Segment Open

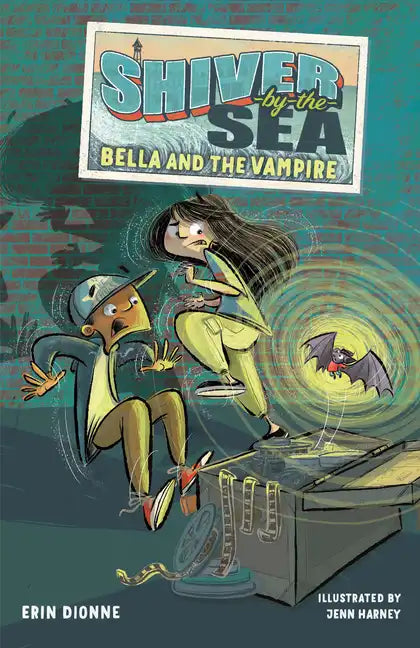 Shiver-By-The-Sea 1: Bella and the Vampire - Hardcover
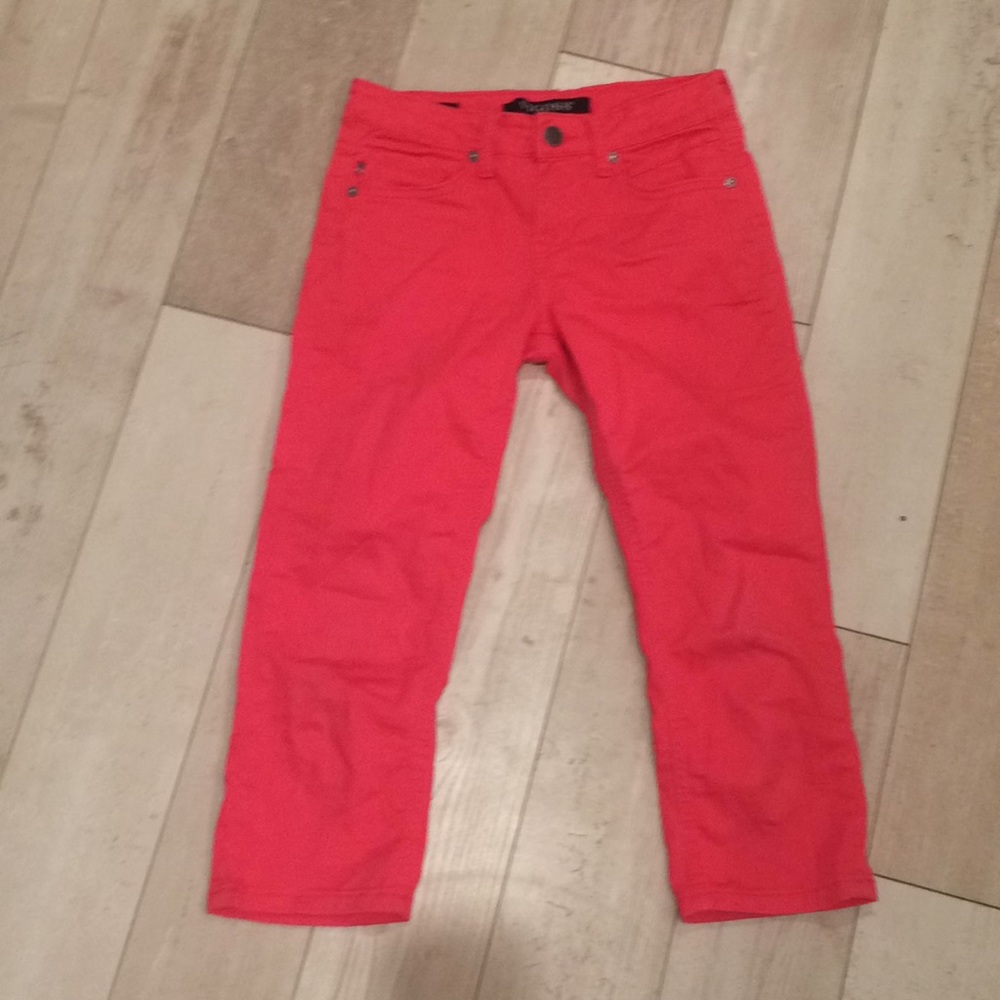 Hot pink capris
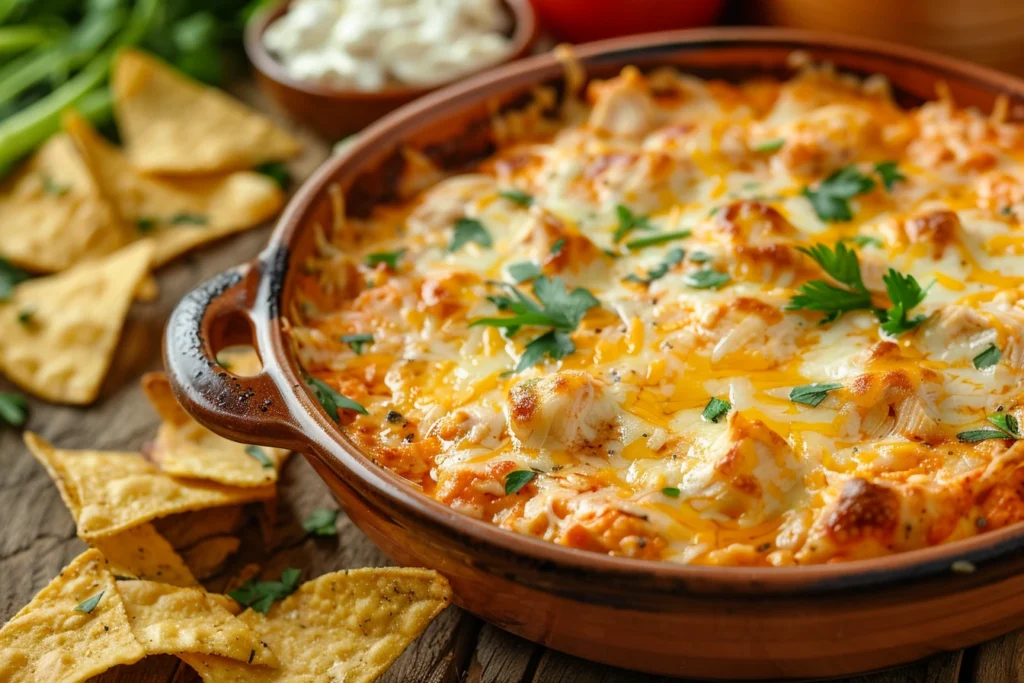 Creamy Vegan Buffalo Chicken Dip That Everyone Will Love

Segment Closed

### WORK TASK
All of the data should be returned word for word, with each picture left out.

### EXERCISE RESPONSE
 Shiver-By-The-Sea 1: Bella and the Vampire - Hardcover
 Hot pink capris
 Creamy Vegan Buffalo Chicken Dip That Everyone Will Love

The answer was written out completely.